We shall not give up the fight,
We have only started …
Together we’ll have victory,
Hand holding hand …
Never ever put to flight,
We are bound to win …
We shall not give up the fight,
We have only started.[9]
© 2010 Paul Kellogg. This work is licensed under a CC BY 4.0 license.
References
[1] Stephen Hawking, A Brief History of Time (New York: Random House, 1988)
[2] Cited in “Pope sees Physicist Hawking at evolution gathering,” Reuters, October 31, 2008, www.reuters.com
[3] In Canada, this is a shame carried by both Protestant and Catholic religions. See Agnes Grant, No End of Grief – Indian Residential Schools in Canada (Winnipeg: Pemmican Publications Incorporated, 1996).

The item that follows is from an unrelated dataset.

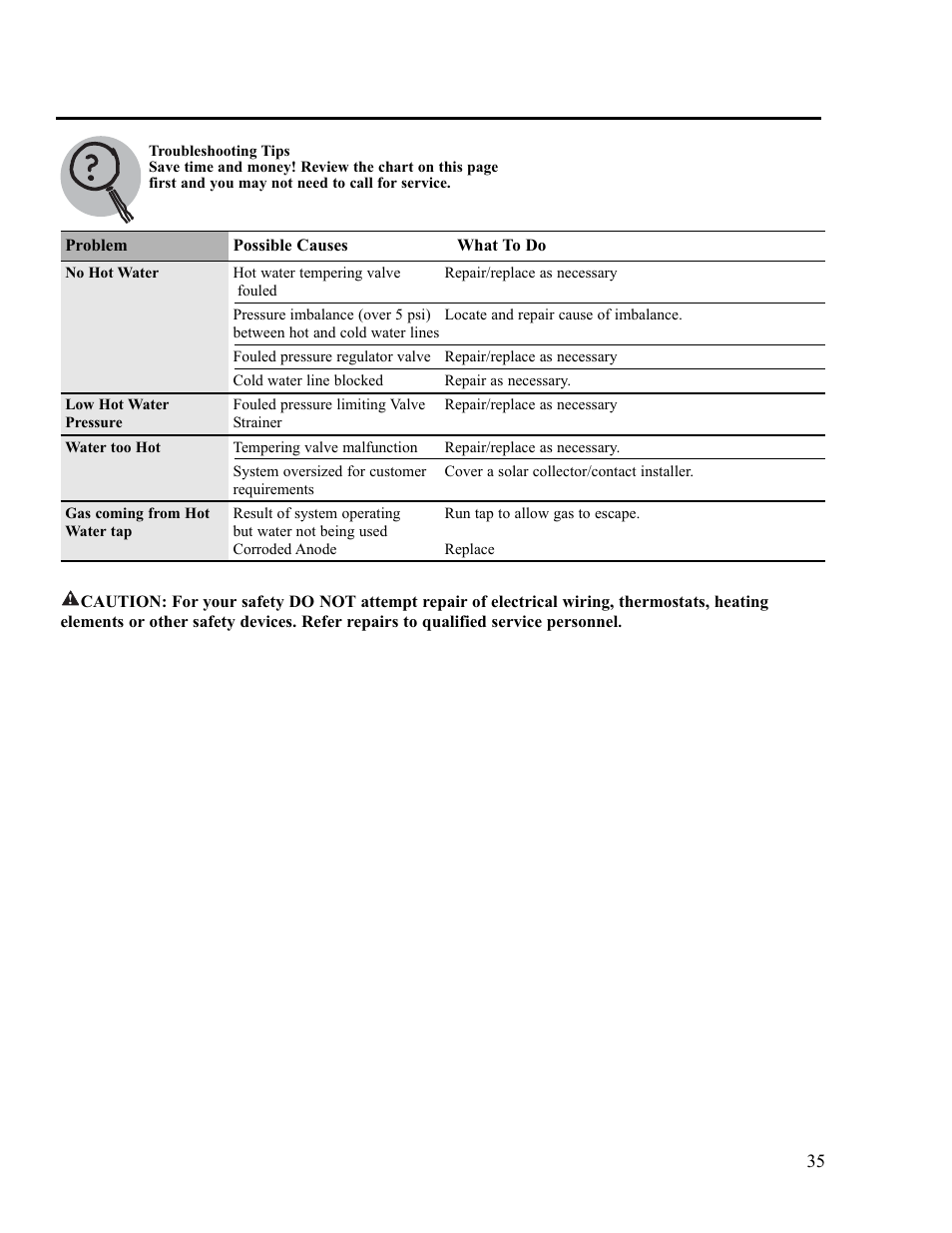 Rheem RS80-42BP User Manual | Page 35 / 40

[4] All the ideas presented here developed through discussions with Abbie Bakan. For her analysis of religion, ideology and the fight against slavery in Jamaica, see Abigail B. Bakan, Ideology and Class Conflict in Jamaica (Montreal: McGill-Queen’s Press, 1990).
[5] Jean-Bertrand Aristide, In the Parish of the Poor: Writings from Haiti (Maryknoll, New York: Orbis Books, 1990).

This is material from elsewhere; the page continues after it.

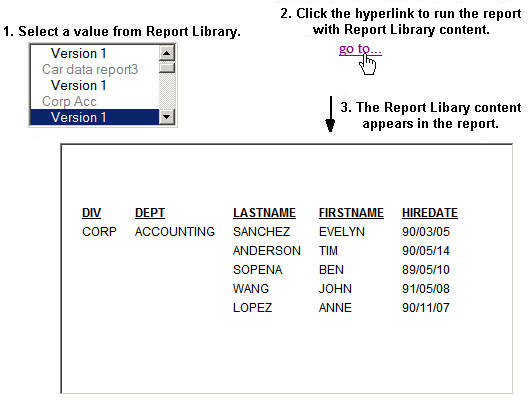 HTML page showing dynamic Report Library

[6] For a very useful overview, see the article by the late Chris Harman, “The prophet and the proletariat,” International Socialism Journal 64, Autumn 1994
[7] “Report-back from Cochabamba: World People’s Conference on Climate Change and the Rights of Mother Earth,” May 7, 2010, Toronto
[8] Explored at length in the still remarkable work by Karl Kautsky, Foundations of Christianity (London: Russell and Russell, 1953)
[9] “We Shall Not Give Up the Fight, (South African Freedom Song),” www.mudcat.org, “dedicated to the preservation and appreciation of traditional musics (sic)”
Thanks Fiona (and sorry for posting your comment twice). For me, the triggers for the review were a) the Latin; b) the purgatory symbolism; and c) the pasted on smiles of joy. No offence intended to the Unitarians.
Interesting. I am still trying to work through the final episode in my mind and come to some conclusion about what it meant. I too found the "purgatory"-like explanation didn't fit all that came before and felt a little like the classic "it was all a dream" cop-out.
Nevertheless, it was not lost on me that the building in which the survivors gather at the end is in fact a Unitarian "church". It's subtle, but the symbols of the world's major religions were shown prominently in at least one scene.
It doesn't make up for a fairly Christianity-centred storyline of course, but at least the setting implies a theology that draws from many faiths and from science.